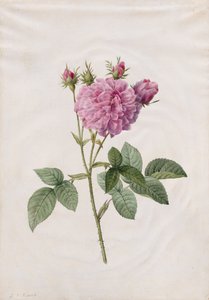 Róża Agatha (Rosa Gallica Agatha)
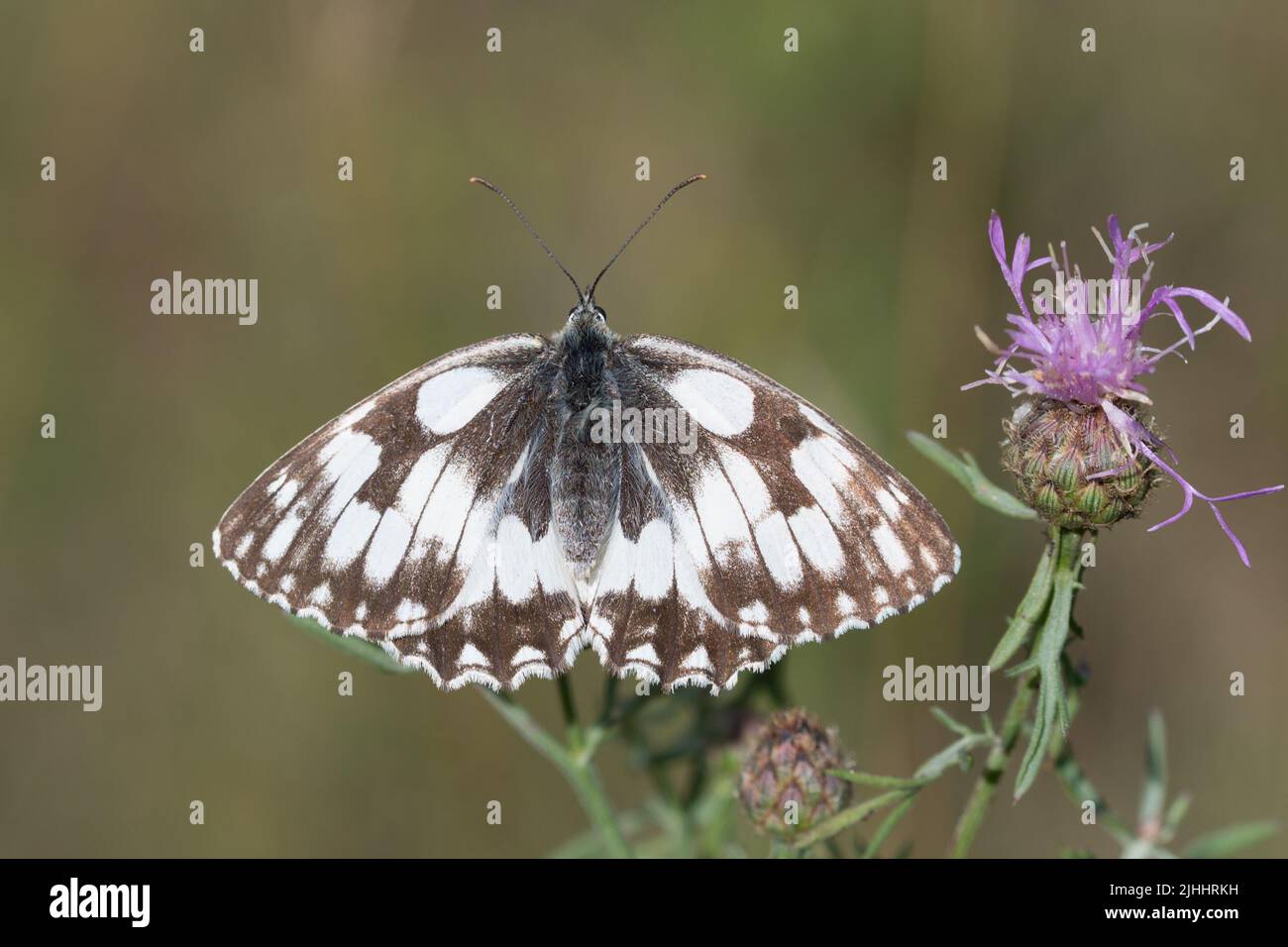 Melanargia galathea, mariposa blanca de mármol sobre flor primer plano enfoque selectivo Foto de stock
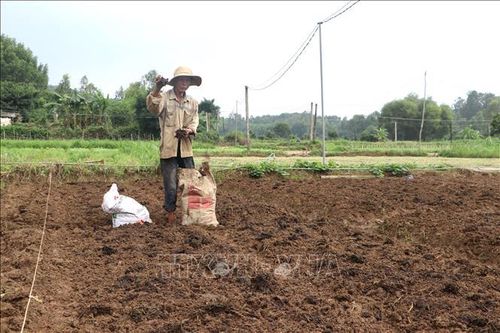 Quảng Ngãi tập trung tái sản xuất, chăn nuôi sau bão lũ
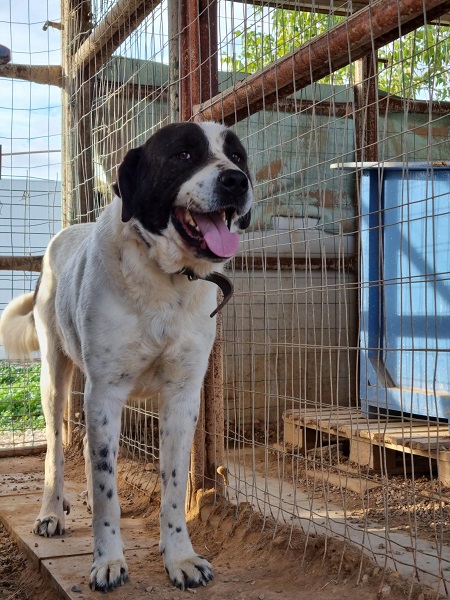 Unser wunderbarer MInas , ein griechischer Herdenschutzhund 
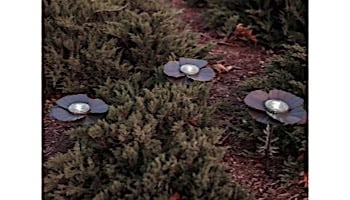 Desert Steel Poppy Solar Garden Light | Bronze | 409-309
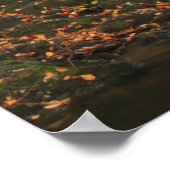 Poster Chutes Ross Brook Automne Berkshires Cascade (Coin)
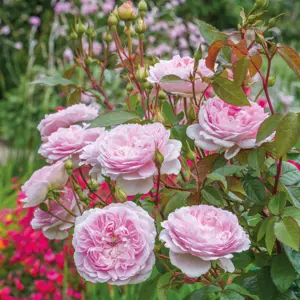 Image Credit: David Austin Roses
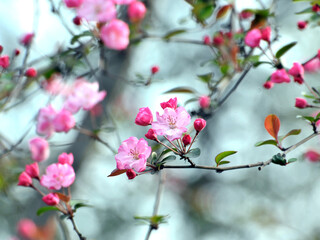Obraz na płótnie Canvas blossoming plum blossom in spring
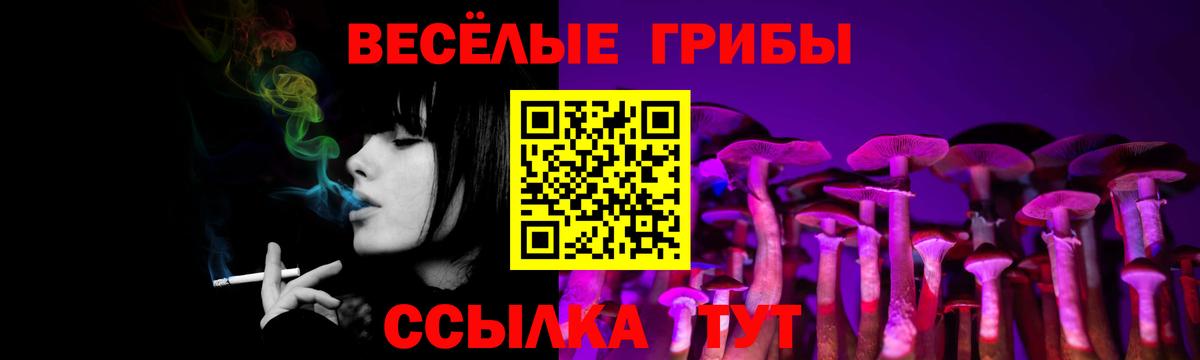 Псилоцибиновые грибы Psilocybine cubensis Гусиноозёрск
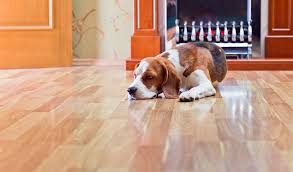 best flooring for dogs 7 types for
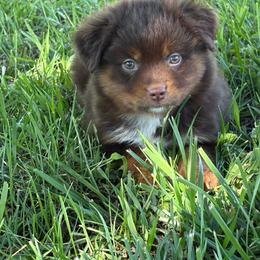 Sheldon - Red tri male Toy Australian Shepherd puppy in Smithville, Arkansas from Cooper Creek Aussies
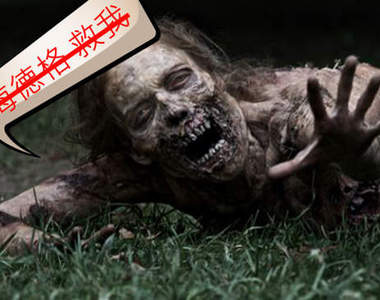 不死系大對決 蟑螂跟殭屍到底誰比較難殺呢?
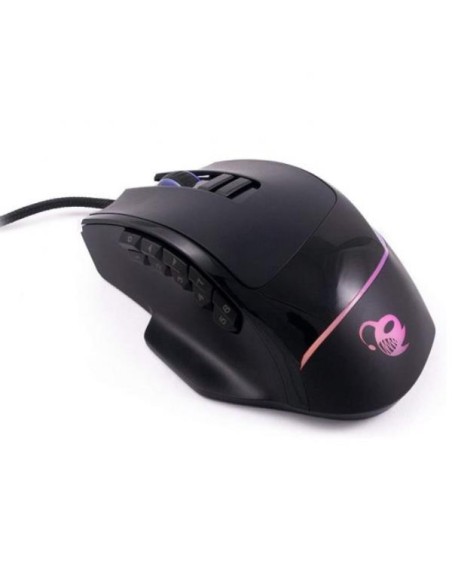 RATON DP PRO-SWAP MODULAR      PERP RATON DP PRO-SWAP MODULAR      PERP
┄┄┄┄┄┄┄┄┄┄┄┄┄┄┄┄┄┄┄┄
Exercise directions
Quote every line of the records above exactly; no picture is to be copied.

Worked solution
 Róża Agatha (Rosa Gallica Agatha)
 Melanargia galathea, mariposa blanca de mármol sobre flor primer plano enfoque selectivo Foto de stock
 Quảng Ngãi tập trung tái sản xuất, chăn nuôi sau bão lũ
 Unser wunderbarer MInas , ein griechischer Herdenschutzhund 
 Desert Steel Poppy Solar Garden Light | Bronze | 409-309
 Poster Chutes Ross Brook Automne Berkshires Cascade (Coin)
 Image Credit: David Austin Roses
Obraz na płótnie Canvas blossoming plum blossom in spring
 Псилоцибиновые грибы Psilocybine cubensis Гусиноозёрск
 best flooring for dogs 7 types for
 Sheldon - Red tri male Toy Australian Shepherd puppy in Smithville, Arkansas from Cooper Creek Aussies
 不死系大對決 蟑螂跟殭屍到底誰比較難殺呢?
 RATON DP PRO-SWAP MODULAR      PERP RATON DP PRO-SWAP MODULAR      PERP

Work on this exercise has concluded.